“Anyone who launches new products will immediately appreciate the power of this resource to influence design direction, target appropriate price points, and select materials with high consumer appeal. What I love most is that it facilitates open and powerful discussions across the marketing, design and business teams. It minimizes reliance on “the gut feel” of just one individual in an organization and helps create a unified vision for success.”
Is that Licensing Opportunity Right For Your Brand?
Licensing brands that have strong brand equity that consumers trust represents an easy route to new sales in categories you already occupy or to expand your brand into new categories. In 2017, retail sales of home and houseware-licensed products grew 2.1% to $55.7 billion* worldwide. (Source: 2018 LIMA Global Licensing Industry Survey). Licensing is a way to capture retailer attention, gain a competitive advantage, and to garner new consumers to your business (albeit for the licensed brand – not your brand(s)). These are good reasons to license. But are you losing more than you are gaining through licensing?

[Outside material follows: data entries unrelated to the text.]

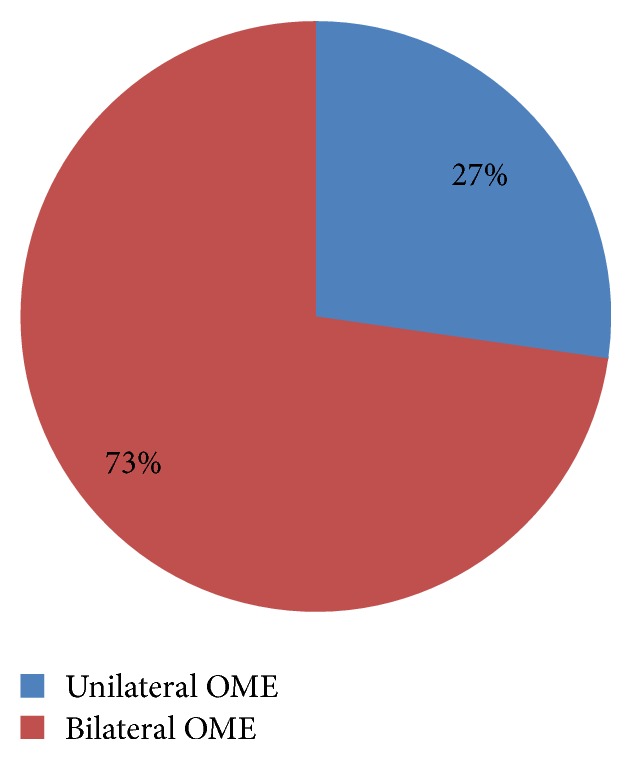 Tympanometric Findings among Children with Adenoid Hypertrophy in Port Harcourt, Nigeria.
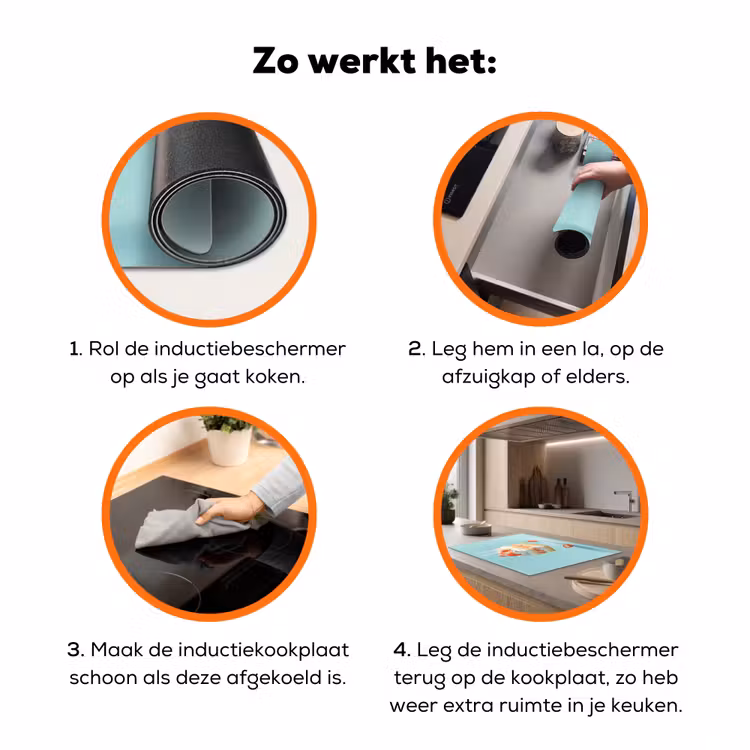 Slagroom - Taart - Blauw - Eten Inductie beschermer vinyl 3mm klein -zzzzzzz-td-werking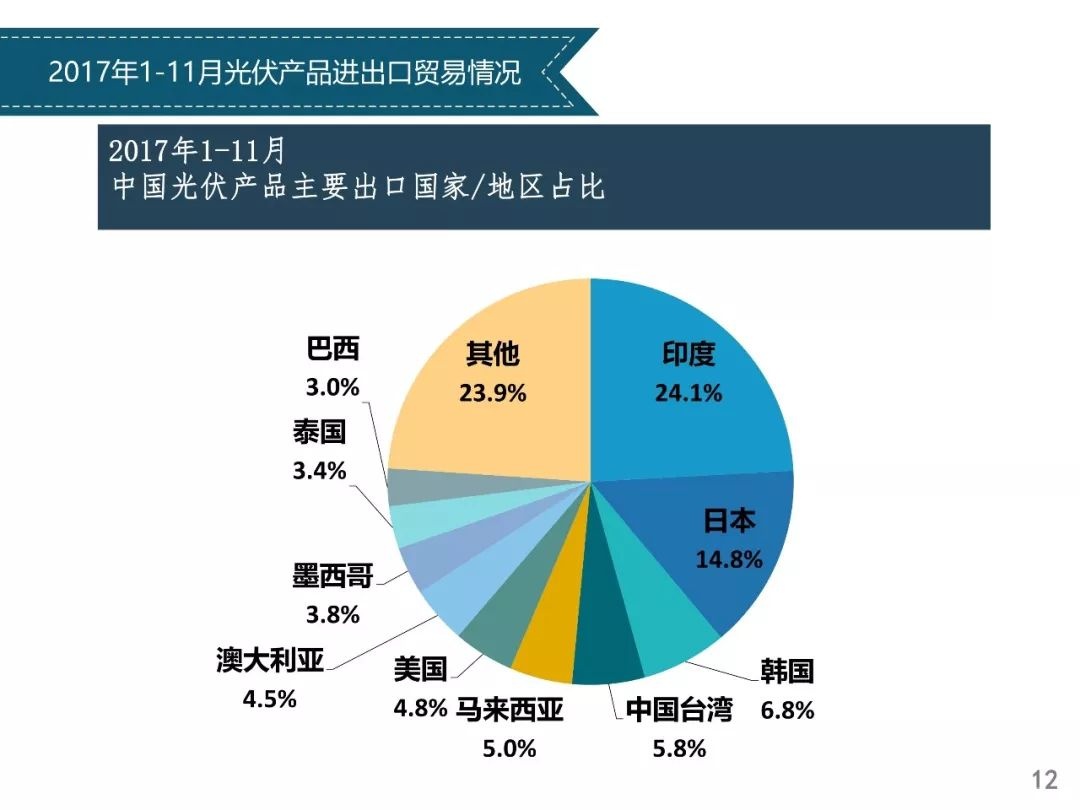 独家重磅全解析----光伏行业2017年发展回顾与2018年供需情况预测---中国光伏行业协会副理事长兼秘书长王勃华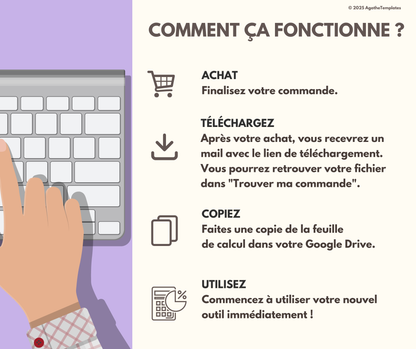 Budget mensuel et annuel sombre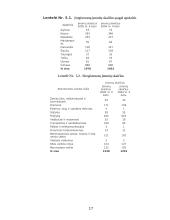 Verslo aplinka Lietuvoje ir palyginimas su kitomis šalimis 15 puslapis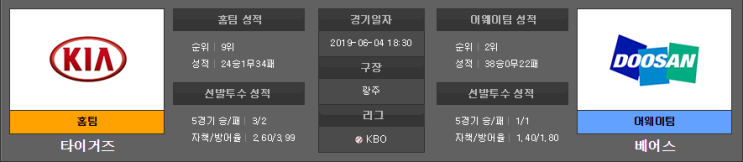  2019년 6월 04일 야구분석 한국야구 KBO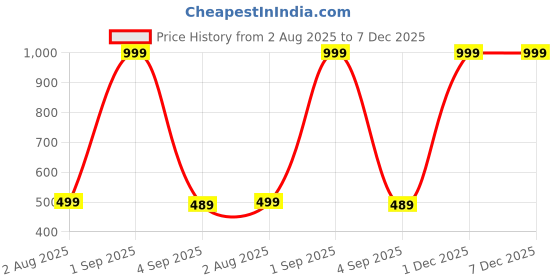 myntra.com The Furnishing Tree Washing Machine Cover the furnishing tree Price History Graph from 2 Aug 2025 to 7 Dec 2025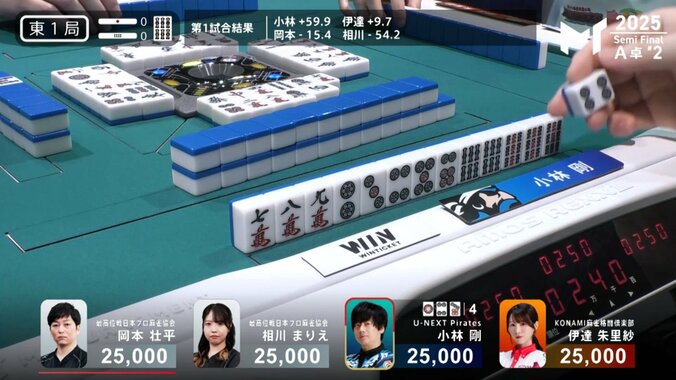 アガリは必然！？小林剛、絶好の引きでテンパイ→一発ツモの流れるような跳満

You’ve agreed to pay someone for the privilege of using their name/brand. That’s an added cost for your new business. That means you need to earn more in sales to offset the cost of that new business. Then, to offset the effort you put into supporting the licensed products, you need to offset the additional overhead the new products bring. Further, you need to offset the cannibalism to your current business that sales of the new licensed products take. This latter point is the hardest to define. You can measure all the other costs, but you can’t measure the cost of cannibalizing existing business by a newly licensed line that competes in the same product space. Can you? Well in fact research CAN!
Research can help you quantitatively analyze the trade-off in sales of your current brand(s) when a new brand (i.e. the license) enters the market. In fact there’s a lot we can do through research to aid the decision to license. Should the new product be solo branded? Or Co-branded? Which increases your portfolio sales the most? Which leads to the lowest cannibalization of your current brand(s)?

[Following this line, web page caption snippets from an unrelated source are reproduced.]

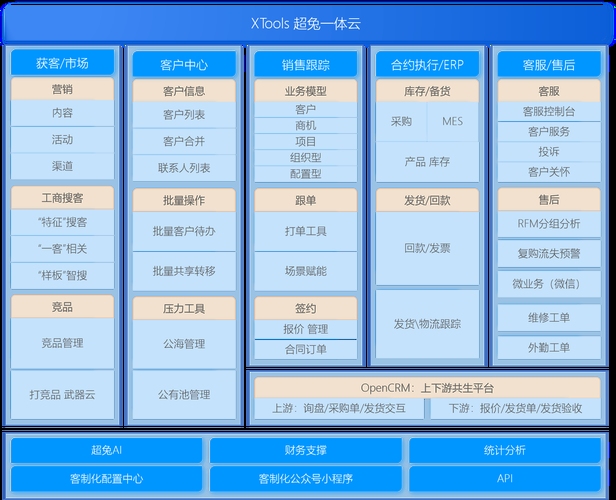美业客服系统助力数字化转型与精细化管理插图 美业客服系统助力数字化转型与精细化管理插图
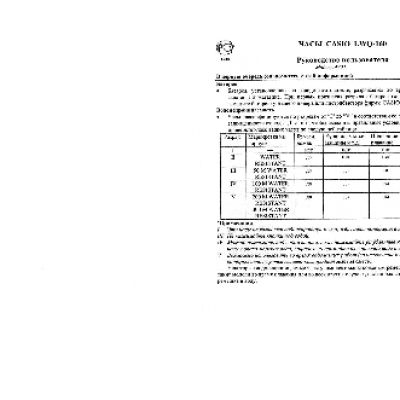 CASIO по модулю 4791
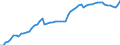 Currency: Million units of national currency / Balance of payments item: Financial account; portfolio investment / Sector (ESA 2010): Total economy / Counterpart sector (ESA 2010): Total economy / Stock or flow: Assets - positions at the end of period / Geopolitical entity (partner): Extra-euro area - 20 countries (2023-2025) / Geopolitical entity (reporting): Latvia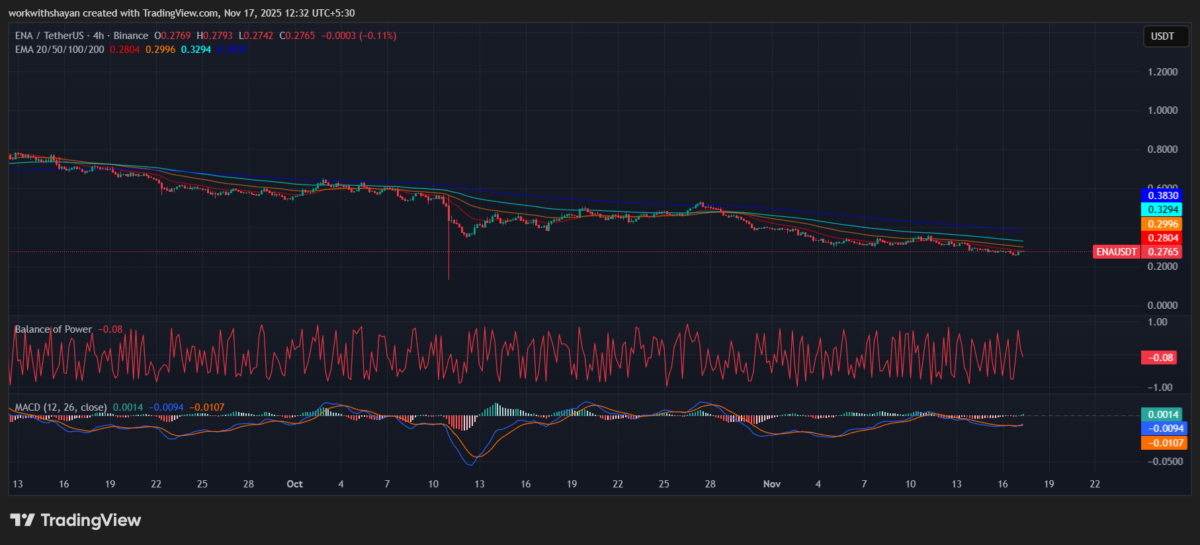 ENA/USDT Chart by TradingView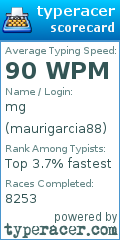 Scorecard for user maurigarcia88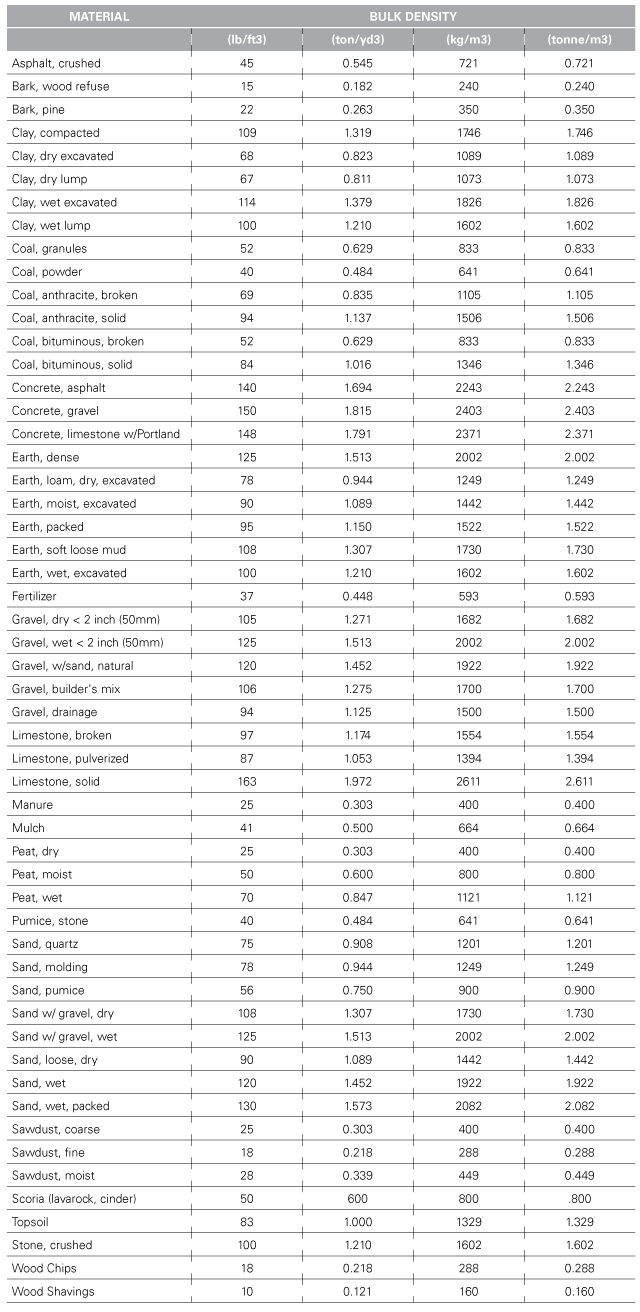 Density Chart Of Construction Materials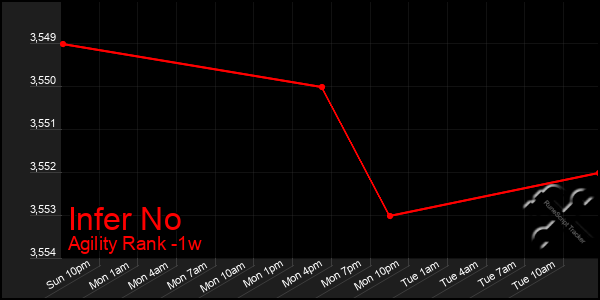 Last 7 Days Graph of Infer No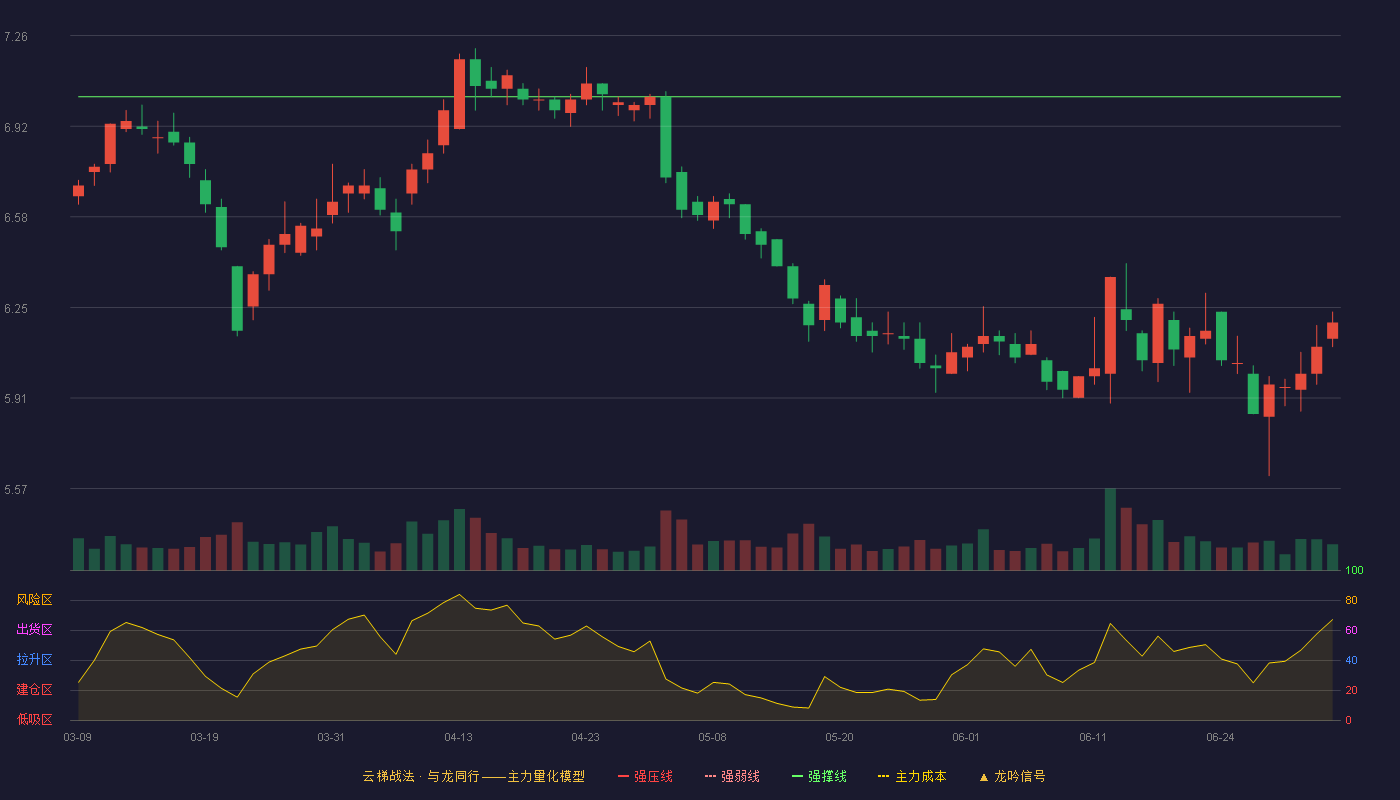 一汽解放(000800)云梯战法K线图 - 强压线7.78 强弱线7.41 强撑线7.03 破位区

Research can help you estimate the sales gain of licensing and the cannibalization losses.
We can use conjoint analysis to examine what impact a license will have on your portfolio. Will a new license be a net gain? How much will it cannibalize existing sales from your current brand(s)? How much will it steal from competitors? Is there an ideal license and/or positioning for a new license that will maximize your sales by maximizing competitive impact and minimizing cannibalization of your own brand(s)? We can Identify that license and that ideal positioning. Why learn this through trial and error (or possibly never learn it) when you can learn all of this to make the best possible, most informed decision? Call us today to learn more.

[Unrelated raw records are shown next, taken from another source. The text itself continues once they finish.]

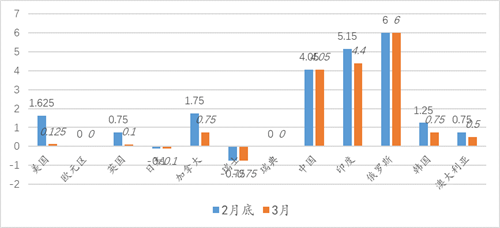 微信图片_20200331182704.png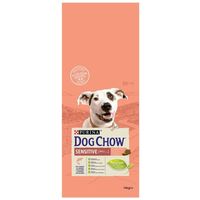 Dog Chow Sensitive lazachússal #2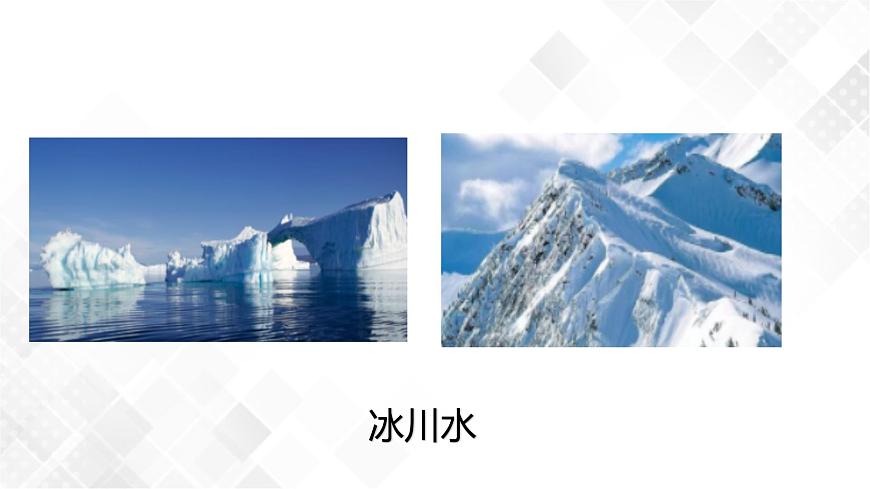 1.1地球上的水 （課件）第4頁(yè)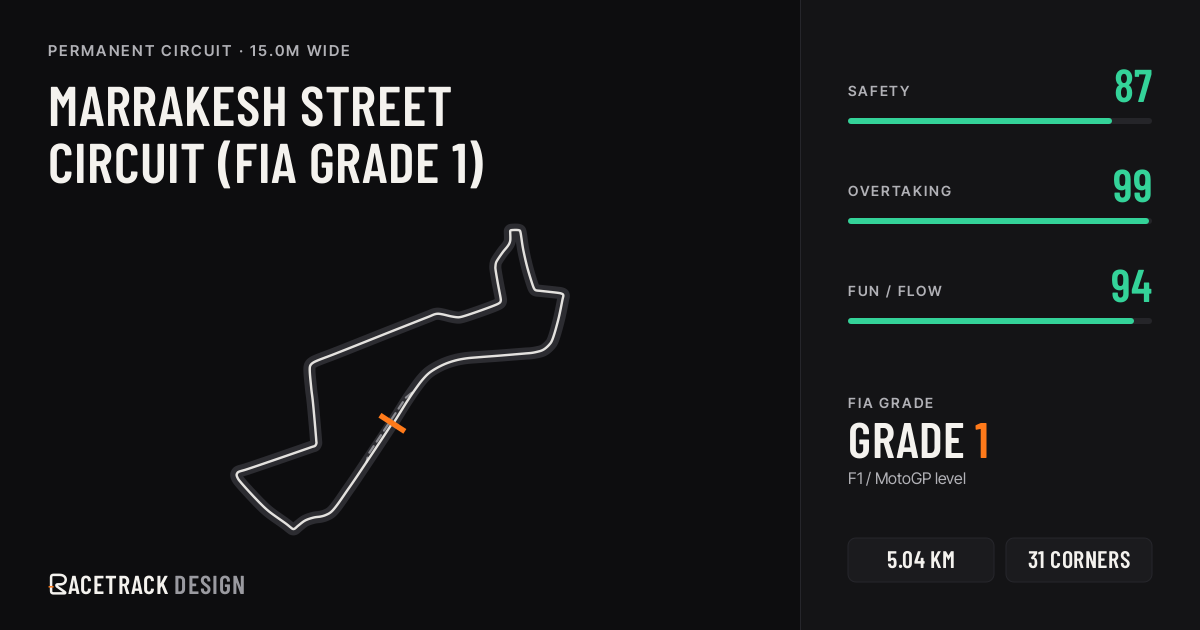 Marrakesh Street Circuit (FIA Grade 1) — RacetrackDesign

Further, research can help you understand which product categories a new brand or license allows you to enter. If you are casting a wide net and exploring multiple licensing opportunities, we can survey consumers in order to develop a quadrant map for each brand that will reveal what the best product category opportunities are right now, which opportunities are feasible but need more time/investment to achieve and which are simply not right for the brand/license, would be detrimental to the brand/license. A comparison of the opportunities map for your existing brand with that of the map for potential brands you might license will help you to identify the new opportunities that a new brand/license delivers that your existing brands do not offer.